Le 1% logement devait fournir 400 logements par mois. Nous en sommes à une centaine. Il en manque 300 ! Le mécanisme d'attribution du 1 % au Dalo ne fonctionne donc pas complètement. Il y a là un fossé considérable ! Redonnons une impulsion, afin que les services préfectoraux fonctionnent mieux ! Les bailleurs devraient savoir qui sont les bénéficiaires du Dalo et les préfets quels sont les logements disponibles.

Autre raison des dysfonctionnements actuels : le montant des loyers, de 5 à 7 euros par mètre carré et par mois en logement social. Une bonne partie des éligibles au Dalo ne peut payer un loyer mensuel de 5 euros par mètre carré. Je siège dans la commission de médiation du département du Nord. Sur 130 dossiers examinés toutes les trois semaines, nous en retenons une cinquantaine de prioritaires. Nous savons qu'une dizaine d'entre eux ne pourront payer leur loyer. C'est un échec programmé. Certains bailleurs refusent de les prendre en raison de l'insuffisance de leurs moyens financiers.

On ne peut plus augmenter les aides d'État, l'APL, il n'y a plus d'argent public, je sais que cela se discute, mais la contrainte financière est là. La solution consiste à demander aux organismes HLM de moduler les loyers, au-delà de la limite actuelle de 7 euros, pour se rapprocher du marché. Celui-ci se situe à 20 euros. Il ne s'agit pas d'aller jusque là, mais de monter jusqu'à 8, 10 ou 11 euros, en fonction, bien sûr, des ressources réelles des locataires, afin, par les moyens complémentaires ainsi obtenus, d'offrir aux plus pauvres un loyer de 3 euros, qu'ils pourront payer, contrairement aux loyers actuels de 5 euros. Le groupe Logement français qui est l'un des plus gros bailleurs sociaux d'Île-de-France, procède de la sorte, par des remises sur quittance. La mesure ne peut pas toucher beaucoup de monde mais il serait d'accord pour ce déplafonnement des loyers HLM, afin de dégager les ressources nécessaires au Dalo. Cela ne coûterait pas un euro à l'État. Nous comptons sur vous, messieurs les sénateurs, pour soutenir une telle initiative législative.

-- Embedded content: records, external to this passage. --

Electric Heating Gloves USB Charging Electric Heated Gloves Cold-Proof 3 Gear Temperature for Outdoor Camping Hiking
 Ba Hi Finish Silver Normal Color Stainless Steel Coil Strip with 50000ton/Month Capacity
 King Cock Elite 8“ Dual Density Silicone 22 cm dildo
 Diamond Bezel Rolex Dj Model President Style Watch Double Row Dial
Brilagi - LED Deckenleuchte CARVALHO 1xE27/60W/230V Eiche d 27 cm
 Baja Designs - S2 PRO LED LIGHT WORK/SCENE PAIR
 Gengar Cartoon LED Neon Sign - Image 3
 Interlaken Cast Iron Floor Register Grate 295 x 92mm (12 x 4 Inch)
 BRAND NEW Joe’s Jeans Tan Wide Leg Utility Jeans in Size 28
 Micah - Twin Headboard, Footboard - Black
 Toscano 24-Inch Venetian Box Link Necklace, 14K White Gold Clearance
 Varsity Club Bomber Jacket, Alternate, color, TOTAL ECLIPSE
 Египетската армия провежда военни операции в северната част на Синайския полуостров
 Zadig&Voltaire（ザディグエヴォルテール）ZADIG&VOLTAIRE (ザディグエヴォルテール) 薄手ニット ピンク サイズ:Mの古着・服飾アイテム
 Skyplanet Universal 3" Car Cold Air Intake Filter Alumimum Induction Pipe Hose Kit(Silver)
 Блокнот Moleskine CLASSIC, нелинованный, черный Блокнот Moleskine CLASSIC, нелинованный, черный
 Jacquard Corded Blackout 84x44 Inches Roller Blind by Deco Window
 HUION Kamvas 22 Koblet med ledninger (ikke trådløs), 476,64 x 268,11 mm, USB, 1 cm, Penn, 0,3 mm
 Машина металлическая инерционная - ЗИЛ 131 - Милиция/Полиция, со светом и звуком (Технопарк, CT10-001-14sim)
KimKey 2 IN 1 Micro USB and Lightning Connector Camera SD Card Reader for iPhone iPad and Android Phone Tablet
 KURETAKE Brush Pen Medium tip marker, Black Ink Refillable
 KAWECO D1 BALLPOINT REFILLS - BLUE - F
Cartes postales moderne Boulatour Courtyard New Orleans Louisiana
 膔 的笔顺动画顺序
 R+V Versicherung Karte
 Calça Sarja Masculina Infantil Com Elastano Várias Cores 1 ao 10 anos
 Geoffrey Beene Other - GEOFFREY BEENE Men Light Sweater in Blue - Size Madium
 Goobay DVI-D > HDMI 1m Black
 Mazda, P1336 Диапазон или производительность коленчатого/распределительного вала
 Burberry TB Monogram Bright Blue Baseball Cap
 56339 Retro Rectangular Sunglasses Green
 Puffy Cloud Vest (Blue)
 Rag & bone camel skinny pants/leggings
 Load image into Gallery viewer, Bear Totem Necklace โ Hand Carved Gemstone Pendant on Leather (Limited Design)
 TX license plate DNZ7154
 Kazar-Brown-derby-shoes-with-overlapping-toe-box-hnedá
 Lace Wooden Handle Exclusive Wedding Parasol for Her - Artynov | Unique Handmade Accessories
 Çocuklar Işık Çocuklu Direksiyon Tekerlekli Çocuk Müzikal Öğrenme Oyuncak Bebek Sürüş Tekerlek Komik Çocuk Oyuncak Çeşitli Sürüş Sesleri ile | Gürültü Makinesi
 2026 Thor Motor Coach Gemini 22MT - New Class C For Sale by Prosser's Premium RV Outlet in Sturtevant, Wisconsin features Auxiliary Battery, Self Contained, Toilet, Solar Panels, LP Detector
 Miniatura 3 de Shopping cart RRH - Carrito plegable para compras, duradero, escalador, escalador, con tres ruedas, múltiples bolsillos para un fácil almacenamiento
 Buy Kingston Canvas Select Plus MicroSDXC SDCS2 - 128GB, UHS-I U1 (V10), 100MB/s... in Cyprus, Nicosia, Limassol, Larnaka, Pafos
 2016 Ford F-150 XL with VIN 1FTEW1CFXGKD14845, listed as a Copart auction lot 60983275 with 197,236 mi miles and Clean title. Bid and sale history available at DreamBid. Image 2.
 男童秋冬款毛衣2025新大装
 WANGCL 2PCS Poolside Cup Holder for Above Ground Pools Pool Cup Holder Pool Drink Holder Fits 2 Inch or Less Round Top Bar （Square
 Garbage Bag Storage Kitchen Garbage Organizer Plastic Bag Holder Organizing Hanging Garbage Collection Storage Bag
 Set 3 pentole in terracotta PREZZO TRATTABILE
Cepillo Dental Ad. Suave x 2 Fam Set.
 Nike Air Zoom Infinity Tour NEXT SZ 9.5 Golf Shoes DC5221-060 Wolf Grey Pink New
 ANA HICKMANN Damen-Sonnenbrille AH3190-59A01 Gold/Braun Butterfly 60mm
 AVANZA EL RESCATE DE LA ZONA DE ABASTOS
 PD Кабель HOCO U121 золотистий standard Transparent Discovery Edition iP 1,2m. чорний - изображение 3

Un tiers des propositions de baux sont refusées par les candidats locataires, parce qu'ils craignent de ne pouvoir payer. Ce sont les bailleurs qui le disent.

Troisième difficulté : l'insuffisance de logements, surtout dans les régions où les loyers et les prix des logements atteignent des sommets, comme l'Île-de-France, l'arc méditerranéen et la zone frontalière avec la Suisse. Il existe une relation évidente entre les tensions du marché foncier et les difficultés d'application du Dalo. Il faut donc construire. Il faut aller vers une densification immobilière. Les logements HLM modernes sont désormais très beaux. Construire permet de rassembler plus de monde sur un territoire donné.

Nous demandons également une réforme foncière qui permette de récupérer une partie des gains immobiliers réalisés par les collectivités locales sur les terrains vendus afin de constituer des réserves foncières.